Peter actually grew up in the area, so he had bits of local knowledge. When he realized where we were going to spend the night, he got super excited, because there was a restaurant that he and his mom used to love going to once in a while, the Harris Crab House. So, of course, we got takeout, and Peter, with a bottomless stomach, decided to get pretty much everything on the menu, so we ate like kings for the evening.
The next day, the winds had died down and we were expecting a few days of calm weather to enjoy. After sleeping in, we headed not too far north to a nice-looking spot at Hart’s Point. It’s a little inlet with a marina inside, and a shallow spot with several anchorages marked on Navionics with good reviews. We set up at one of the anchorages with a bunch of reviews, and didn’t really think too hard about it, but as the sun went down realized that, on the north end of our anchor swing, we were pretty near the middle of the channel. Fortunately, only two boats came by all evening, but we felt a little bad about it. Lesson learned.
We’d found a nice looking spot on the Sassafras River for the next day, so we wandered up there in the morning. We had another fun incident of checking internet like a half mile from our anchorage spot, it looking good, setting up anchor, and realizing the internet is unworkably bad. We then moved north 3/4 of a mile and had great internet. At least that anchorage was also solid, with plenty of swing room, and still quite a pretty spot, so it worked out.
We ended up spending two nights here, because it was way better than our original plan’s next spot looked like it would be. We had a great sunset dinghy ride way up the river to Fredericktown together, saw lots of wildlife, and by and large had a lovely couple of days there with mild weather.
All good things come to an end, and we headed up to Chesapeake City for our last night as a group. There’s a man-made canal that connects the Chesapeake Bay with the Delaware River, the C+D Canal. About 1/3 of the way down the canal is this little “city”, which is one of those moment-in-time places. Cute little 2 by 2 block “downtown” area, big grassy park with open mic gazebo by the water, ice cream shop, the works. There’s a free first-come-first-serve dock for a few boats, with a 24-hour limit, so we spent one night there, and got a delicious take-out meal at the Inn on the water, which was definitely the happening place to be on a Friday night. Boats coming in and out all night, chock full of people partying. It was a bit different from the people working the Inn, who all had masks, and had the most pristine organization we’d yet seen for distancing, one way people-movement, and order pickup.

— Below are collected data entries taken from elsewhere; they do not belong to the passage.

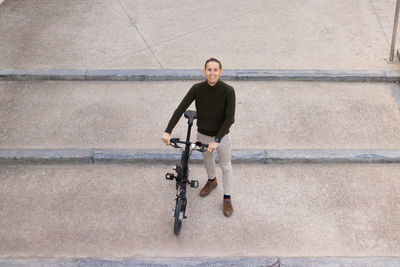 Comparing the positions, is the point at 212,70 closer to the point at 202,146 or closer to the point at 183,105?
the point at 183,105

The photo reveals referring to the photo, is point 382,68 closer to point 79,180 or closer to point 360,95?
point 360,95

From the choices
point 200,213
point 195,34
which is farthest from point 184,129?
point 195,34

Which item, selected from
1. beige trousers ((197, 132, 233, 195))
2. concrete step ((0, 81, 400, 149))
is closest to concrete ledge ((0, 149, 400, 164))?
concrete step ((0, 81, 400, 149))

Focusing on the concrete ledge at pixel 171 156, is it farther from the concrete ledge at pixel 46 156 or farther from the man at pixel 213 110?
the man at pixel 213 110

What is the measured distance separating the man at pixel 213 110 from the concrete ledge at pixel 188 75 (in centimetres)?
234

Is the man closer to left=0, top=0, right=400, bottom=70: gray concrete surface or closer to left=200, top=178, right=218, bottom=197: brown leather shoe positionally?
left=200, top=178, right=218, bottom=197: brown leather shoe

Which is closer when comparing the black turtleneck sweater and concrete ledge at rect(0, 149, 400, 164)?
the black turtleneck sweater

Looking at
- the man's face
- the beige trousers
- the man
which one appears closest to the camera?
the man's face

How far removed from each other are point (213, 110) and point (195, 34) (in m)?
3.75

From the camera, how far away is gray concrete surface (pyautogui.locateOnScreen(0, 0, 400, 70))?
7.93 meters

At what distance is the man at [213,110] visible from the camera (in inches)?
195

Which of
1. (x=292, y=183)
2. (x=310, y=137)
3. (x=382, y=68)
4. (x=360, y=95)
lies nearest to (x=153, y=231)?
(x=292, y=183)

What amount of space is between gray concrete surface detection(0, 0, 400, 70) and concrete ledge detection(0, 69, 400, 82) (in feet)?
0.57

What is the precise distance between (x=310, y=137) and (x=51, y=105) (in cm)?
375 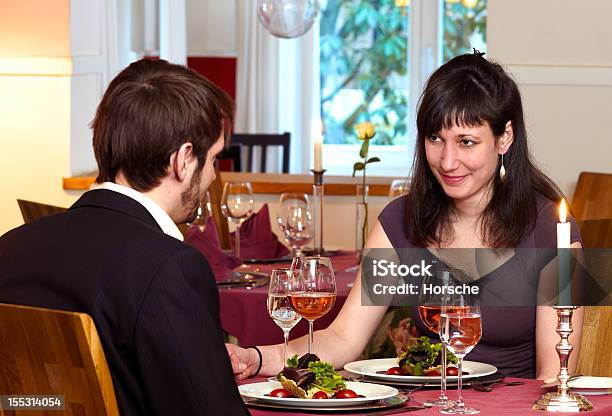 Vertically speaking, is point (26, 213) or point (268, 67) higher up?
point (268, 67)

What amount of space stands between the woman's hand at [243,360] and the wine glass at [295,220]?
1368mm

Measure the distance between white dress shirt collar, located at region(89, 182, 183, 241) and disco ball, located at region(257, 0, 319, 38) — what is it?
15.9 ft

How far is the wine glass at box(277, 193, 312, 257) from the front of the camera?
361cm

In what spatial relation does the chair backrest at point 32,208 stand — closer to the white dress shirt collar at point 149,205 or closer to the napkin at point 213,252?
the napkin at point 213,252

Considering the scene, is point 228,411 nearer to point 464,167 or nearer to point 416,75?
point 464,167

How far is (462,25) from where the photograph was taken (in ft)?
27.8

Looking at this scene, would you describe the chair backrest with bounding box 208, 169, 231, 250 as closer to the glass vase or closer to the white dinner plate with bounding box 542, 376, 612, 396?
the glass vase

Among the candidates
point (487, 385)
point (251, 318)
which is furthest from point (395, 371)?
point (251, 318)

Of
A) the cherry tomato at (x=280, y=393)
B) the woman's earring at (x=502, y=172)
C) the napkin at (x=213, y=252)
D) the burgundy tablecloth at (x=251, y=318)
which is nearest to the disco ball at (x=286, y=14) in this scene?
the napkin at (x=213, y=252)

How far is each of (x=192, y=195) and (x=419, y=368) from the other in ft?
1.84

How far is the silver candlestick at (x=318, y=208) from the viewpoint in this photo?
3.95 metres

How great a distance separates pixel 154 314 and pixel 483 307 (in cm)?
111

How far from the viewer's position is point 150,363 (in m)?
1.55

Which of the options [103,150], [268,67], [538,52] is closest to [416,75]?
[268,67] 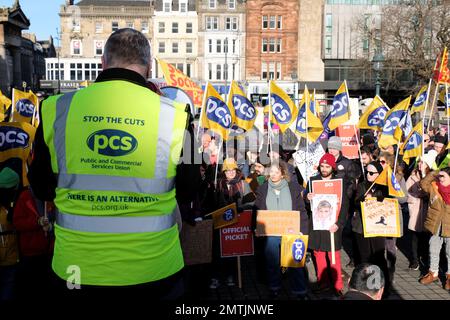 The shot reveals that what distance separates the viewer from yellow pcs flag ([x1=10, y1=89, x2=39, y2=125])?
10.3 meters

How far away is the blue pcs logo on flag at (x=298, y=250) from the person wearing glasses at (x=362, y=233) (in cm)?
89

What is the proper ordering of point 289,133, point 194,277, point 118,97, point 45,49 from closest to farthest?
point 118,97, point 194,277, point 289,133, point 45,49

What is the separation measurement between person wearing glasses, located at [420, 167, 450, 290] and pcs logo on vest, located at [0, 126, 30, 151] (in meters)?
5.65

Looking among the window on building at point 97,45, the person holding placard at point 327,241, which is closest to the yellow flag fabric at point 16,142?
the person holding placard at point 327,241

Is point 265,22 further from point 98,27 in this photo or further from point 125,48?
point 125,48

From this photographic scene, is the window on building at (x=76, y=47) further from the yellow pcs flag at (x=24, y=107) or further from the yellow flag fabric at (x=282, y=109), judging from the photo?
the yellow flag fabric at (x=282, y=109)

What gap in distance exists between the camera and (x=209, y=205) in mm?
7020

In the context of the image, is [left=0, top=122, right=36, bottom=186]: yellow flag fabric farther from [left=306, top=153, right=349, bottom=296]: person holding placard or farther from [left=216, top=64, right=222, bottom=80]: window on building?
[left=216, top=64, right=222, bottom=80]: window on building

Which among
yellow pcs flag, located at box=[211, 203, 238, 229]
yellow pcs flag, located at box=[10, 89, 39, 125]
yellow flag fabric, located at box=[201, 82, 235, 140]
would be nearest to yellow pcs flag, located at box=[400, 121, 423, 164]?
yellow flag fabric, located at box=[201, 82, 235, 140]

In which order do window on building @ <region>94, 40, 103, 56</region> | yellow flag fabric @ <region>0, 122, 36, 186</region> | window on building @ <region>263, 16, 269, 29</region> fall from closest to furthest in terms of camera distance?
yellow flag fabric @ <region>0, 122, 36, 186</region>, window on building @ <region>263, 16, 269, 29</region>, window on building @ <region>94, 40, 103, 56</region>

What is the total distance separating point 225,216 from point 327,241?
1451mm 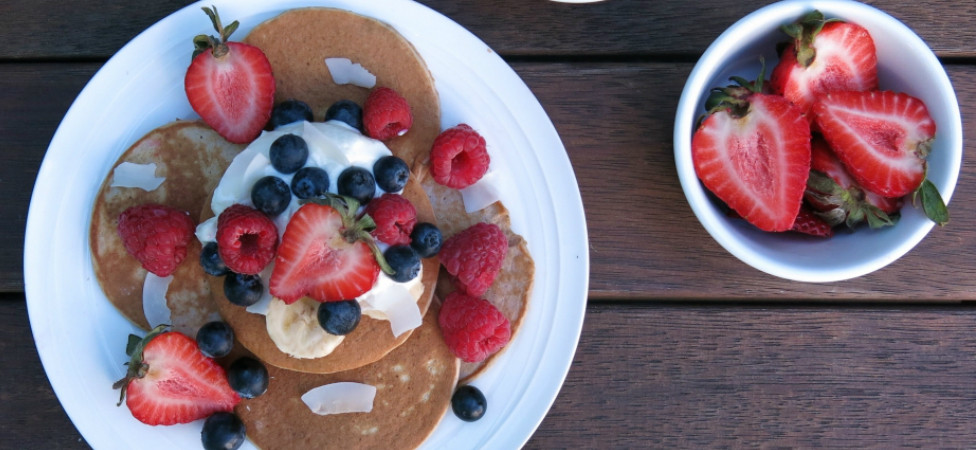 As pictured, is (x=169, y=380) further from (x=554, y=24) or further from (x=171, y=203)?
(x=554, y=24)

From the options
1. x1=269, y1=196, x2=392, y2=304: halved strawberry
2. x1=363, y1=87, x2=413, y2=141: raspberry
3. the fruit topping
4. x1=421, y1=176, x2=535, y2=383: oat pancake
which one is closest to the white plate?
x1=421, y1=176, x2=535, y2=383: oat pancake

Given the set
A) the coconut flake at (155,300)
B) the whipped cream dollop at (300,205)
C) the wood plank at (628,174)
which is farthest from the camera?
the wood plank at (628,174)

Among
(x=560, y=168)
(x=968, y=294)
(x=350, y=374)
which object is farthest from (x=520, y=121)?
(x=968, y=294)

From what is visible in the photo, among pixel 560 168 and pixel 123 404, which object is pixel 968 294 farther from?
pixel 123 404

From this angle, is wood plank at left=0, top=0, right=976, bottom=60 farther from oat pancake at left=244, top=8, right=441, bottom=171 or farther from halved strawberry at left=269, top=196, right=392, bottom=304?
halved strawberry at left=269, top=196, right=392, bottom=304

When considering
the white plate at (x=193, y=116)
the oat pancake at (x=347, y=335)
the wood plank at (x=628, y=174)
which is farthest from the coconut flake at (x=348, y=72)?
the wood plank at (x=628, y=174)

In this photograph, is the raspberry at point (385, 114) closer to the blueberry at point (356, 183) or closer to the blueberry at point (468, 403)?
the blueberry at point (356, 183) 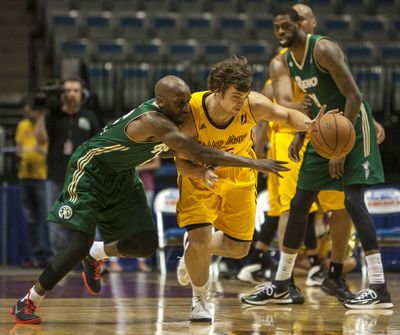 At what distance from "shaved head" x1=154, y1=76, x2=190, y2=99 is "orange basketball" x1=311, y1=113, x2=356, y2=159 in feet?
2.69

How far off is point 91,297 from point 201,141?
194cm

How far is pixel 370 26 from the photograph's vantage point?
1471cm

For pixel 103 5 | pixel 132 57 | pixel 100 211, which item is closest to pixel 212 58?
pixel 132 57

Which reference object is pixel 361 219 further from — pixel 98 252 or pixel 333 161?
pixel 98 252

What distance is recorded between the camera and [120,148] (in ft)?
17.9

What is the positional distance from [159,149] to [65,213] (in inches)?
24.8

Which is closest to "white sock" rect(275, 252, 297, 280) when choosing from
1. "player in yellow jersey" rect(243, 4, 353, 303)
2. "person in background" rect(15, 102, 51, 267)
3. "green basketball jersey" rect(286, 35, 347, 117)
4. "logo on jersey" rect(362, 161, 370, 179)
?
"player in yellow jersey" rect(243, 4, 353, 303)

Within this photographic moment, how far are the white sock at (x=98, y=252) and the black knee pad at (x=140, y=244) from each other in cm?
13

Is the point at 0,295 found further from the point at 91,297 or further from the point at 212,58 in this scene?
the point at 212,58

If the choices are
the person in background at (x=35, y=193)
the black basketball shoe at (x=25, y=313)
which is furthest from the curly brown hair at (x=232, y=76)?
the person in background at (x=35, y=193)

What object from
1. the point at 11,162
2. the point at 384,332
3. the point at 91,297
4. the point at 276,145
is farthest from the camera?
the point at 11,162

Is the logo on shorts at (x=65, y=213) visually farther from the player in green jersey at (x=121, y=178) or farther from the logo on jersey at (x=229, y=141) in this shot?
the logo on jersey at (x=229, y=141)

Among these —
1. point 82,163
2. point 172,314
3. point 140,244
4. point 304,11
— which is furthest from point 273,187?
point 82,163

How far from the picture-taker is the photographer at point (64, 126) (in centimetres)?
912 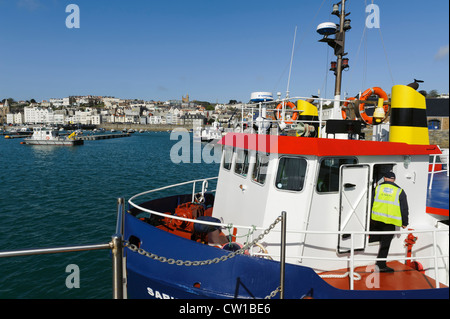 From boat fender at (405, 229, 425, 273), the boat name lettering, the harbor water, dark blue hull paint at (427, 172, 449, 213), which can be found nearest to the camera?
the boat name lettering

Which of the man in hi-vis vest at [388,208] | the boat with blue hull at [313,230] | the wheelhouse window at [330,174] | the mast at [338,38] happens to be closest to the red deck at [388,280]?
the boat with blue hull at [313,230]

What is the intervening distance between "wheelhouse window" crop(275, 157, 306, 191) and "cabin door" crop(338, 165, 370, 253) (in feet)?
2.55

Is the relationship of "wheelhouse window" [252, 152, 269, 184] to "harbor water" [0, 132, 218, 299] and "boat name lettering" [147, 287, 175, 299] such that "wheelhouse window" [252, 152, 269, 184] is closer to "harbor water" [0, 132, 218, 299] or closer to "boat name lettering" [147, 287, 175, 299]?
"boat name lettering" [147, 287, 175, 299]

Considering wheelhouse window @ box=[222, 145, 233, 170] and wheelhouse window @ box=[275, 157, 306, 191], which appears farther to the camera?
wheelhouse window @ box=[222, 145, 233, 170]

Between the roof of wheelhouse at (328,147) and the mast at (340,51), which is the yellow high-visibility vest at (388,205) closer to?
the roof of wheelhouse at (328,147)

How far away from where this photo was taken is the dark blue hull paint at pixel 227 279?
15.4ft

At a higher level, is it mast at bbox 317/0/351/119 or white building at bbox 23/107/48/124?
white building at bbox 23/107/48/124

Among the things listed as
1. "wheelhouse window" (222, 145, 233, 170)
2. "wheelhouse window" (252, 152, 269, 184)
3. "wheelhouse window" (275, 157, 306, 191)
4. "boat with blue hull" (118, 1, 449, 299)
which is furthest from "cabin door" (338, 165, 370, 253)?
"wheelhouse window" (222, 145, 233, 170)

In the evening, after dinner, I did my usual engine checks, and noticed some coolant leaking under the starboard motor. Some quick checks later, and I found that it was actually the exact same failure as we’d had on the port motor several weeks prior, a leaking coolant water pump. Fortunately, I’d gotten two new ones when the last one failed (since things tend to fail in pairs), so I had one ready to go. Peter was a champ and helped me out with the change for several hours. It all went fairly uneventfully.
In the morning, Peter took an Uber to the airport and headed home, and we moved to the center of the inlet to the anchorage to spend one more night there.